THE PROBLEM
Repeat the entire listing below exactly.

GIVEN RECORDS
────────────────
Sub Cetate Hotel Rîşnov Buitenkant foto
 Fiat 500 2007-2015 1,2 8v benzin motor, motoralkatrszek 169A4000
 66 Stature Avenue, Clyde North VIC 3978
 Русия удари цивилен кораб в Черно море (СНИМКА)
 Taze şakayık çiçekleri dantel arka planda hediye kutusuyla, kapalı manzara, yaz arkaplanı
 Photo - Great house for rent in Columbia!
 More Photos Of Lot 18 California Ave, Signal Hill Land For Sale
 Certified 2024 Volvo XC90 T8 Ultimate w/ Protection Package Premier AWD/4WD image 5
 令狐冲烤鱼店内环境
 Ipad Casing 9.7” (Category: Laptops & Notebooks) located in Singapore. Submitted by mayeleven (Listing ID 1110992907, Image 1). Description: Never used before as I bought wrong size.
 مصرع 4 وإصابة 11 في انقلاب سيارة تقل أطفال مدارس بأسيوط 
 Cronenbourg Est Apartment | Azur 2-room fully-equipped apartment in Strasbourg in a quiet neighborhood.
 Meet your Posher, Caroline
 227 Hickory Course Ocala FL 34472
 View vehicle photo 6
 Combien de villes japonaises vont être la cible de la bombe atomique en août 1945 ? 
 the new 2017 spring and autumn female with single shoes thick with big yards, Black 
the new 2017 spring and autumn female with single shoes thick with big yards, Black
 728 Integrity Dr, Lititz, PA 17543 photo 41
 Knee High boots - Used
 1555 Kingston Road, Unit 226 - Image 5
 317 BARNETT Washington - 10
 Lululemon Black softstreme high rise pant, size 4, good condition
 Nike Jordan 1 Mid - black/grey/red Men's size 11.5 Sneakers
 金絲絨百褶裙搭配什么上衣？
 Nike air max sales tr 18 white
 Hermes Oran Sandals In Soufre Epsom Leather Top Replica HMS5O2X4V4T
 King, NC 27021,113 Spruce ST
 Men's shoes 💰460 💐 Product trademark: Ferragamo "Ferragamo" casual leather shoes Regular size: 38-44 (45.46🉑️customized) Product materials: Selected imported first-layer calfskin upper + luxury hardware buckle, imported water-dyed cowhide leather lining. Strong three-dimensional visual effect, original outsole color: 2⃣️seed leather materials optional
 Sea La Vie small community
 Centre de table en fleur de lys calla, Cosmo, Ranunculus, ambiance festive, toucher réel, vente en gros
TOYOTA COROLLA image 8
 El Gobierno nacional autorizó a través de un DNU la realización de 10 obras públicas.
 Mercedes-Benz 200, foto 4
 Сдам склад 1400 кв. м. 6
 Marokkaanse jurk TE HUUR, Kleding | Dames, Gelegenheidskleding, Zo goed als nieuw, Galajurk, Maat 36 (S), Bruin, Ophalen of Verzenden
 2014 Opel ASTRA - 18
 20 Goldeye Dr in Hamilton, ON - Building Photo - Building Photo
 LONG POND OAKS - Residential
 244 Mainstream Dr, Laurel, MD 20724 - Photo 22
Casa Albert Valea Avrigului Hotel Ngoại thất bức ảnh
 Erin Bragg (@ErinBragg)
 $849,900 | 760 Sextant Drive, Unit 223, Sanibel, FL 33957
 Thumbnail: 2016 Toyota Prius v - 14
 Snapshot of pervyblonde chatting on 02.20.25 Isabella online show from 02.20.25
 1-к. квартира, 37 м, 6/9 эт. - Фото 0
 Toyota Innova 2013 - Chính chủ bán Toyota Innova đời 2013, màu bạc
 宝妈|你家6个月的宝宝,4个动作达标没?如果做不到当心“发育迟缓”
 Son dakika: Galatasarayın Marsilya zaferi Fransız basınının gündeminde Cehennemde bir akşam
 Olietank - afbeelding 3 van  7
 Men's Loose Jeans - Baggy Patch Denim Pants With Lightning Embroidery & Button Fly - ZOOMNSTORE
────────────────
ANSWER FOR THIS EXERCISE
Sub Cetate Hotel Rîşnov Buitenkant foto
 Fiat 500 2007-2015 1,2 8v benzin motor, motoralkatrszek 169A4000
 66 Stature Avenue, Clyde North VIC 3978
 Русия удари цивилен кораб в Черно море (СНИМКА)
 Taze şakayık çiçekleri dantel arka planda hediye kutusuyla, kapalı manzara, yaz arkaplanı
 Photo - Great house for rent in Columbia!
 More Photos Of Lot 18 California Ave, Signal Hill Land For Sale
 Certified 2024 Volvo XC90 T8 Ultimate w/ Protection Package Premier AWD/4WD image 5
 令狐冲烤鱼店内环境
 Ipad Casing 9.7” (Category: Laptops & Notebooks) located in Singapore. Submitted by mayeleven (Listing ID 1110992907, Image 1). Description: Never used before as I bought wrong size.
 مصرع 4 وإصابة 11 في انقلاب سيارة تقل أطفال مدارس بأسيوط 
 Cronenbourg Est Apartment | Azur 2-room fully-equipped apartment in Strasbourg in a quiet neighborhood.
 Meet your Posher, Caroline
 227 Hickory Course Ocala FL 34472
 View vehicle photo 6
 Combien de villes japonaises vont être la cible de la bombe atomique en août 1945 ? 
 the new 2017 spring and autumn female with single shoes thick with big yards, Black 
the new 2017 spring and autumn female with single shoes thick with big yards, Black
 728 Integrity Dr, Lititz, PA 17543 photo 41
 Knee High boots - Used
 1555 Kingston Road, Unit 226 - Image 5
 317 BARNETT Washington - 10
 Lululemon Black softstreme high rise pant, size 4, good condition
 Nike Jordan 1 Mid - black/grey/red Men's size 11.5 Sneakers
 金絲絨百褶裙搭配什么上衣？
 Nike air max sales tr 18 white
 Hermes Oran Sandals In Soufre Epsom Leather Top Replica HMS5O2X4V4T
 King, NC 27021,113 Spruce ST
 Men's shoes 💰460 💐 Product trademark: Ferragamo "Ferragamo" casual leather shoes Regular size: 38-44 (45.46🉑️customized) Product materials: Selected imported first-layer calfskin upper + luxury hardware buckle, imported water-dyed cowhide leather lining. Strong three-dimensional visual effect, original outsole color: 2⃣️seed leather materials optional
 Sea La Vie small community
 Centre de table en fleur de lys calla, Cosmo, Ranunculus, ambiance festive, toucher réel, vente en gros
TOYOTA COROLLA image 8
 El Gobierno nacional autorizó a través de un DNU la realización de 10 obras públicas.
 Mercedes-Benz 200, foto 4
 Сдам склад 1400 кв. м. 6
 Marokkaanse jurk TE HUUR, Kleding | Dames, Gelegenheidskleding, Zo goed als nieuw, Galajurk, Maat 36 (S), Bruin, Ophalen of Verzenden
 2014 Opel ASTRA - 18
 20 Goldeye Dr in Hamilton, ON - Building Photo - Building Photo
 LONG POND OAKS - Residential
 244 Mainstream Dr, Laurel, MD 20724 - Photo 22
Casa Albert Valea Avrigului Hotel Ngoại thất bức ảnh
 Erin Bragg (@ErinBragg)
 $849,900 | 760 Sextant Drive, Unit 223, Sanibel, FL 33957
 Thumbnail: 2016 Toyota Prius v - 14
 Snapshot of pervyblonde chatting on 02.20.25 Isabella online show from 02.20.25
 1-к. квартира, 37 м, 6/9 эт. - Фото 0
 Toyota Innova 2013 - Chính chủ bán Toyota Innova đời 2013, màu bạc
 宝妈|你家6个月的宝宝,4个动作达标没?如果做不到当心“发育迟缓”
 Son dakika: Galatasarayın Marsilya zaferi Fransız basınının gündeminde Cehennemde bir akşam
 Olietank - afbeelding 3 van  7
 Men's Loose Jeans - Baggy Patch Denim Pants With Lightning Embroidery & Button Fly - ZOOMNSTORE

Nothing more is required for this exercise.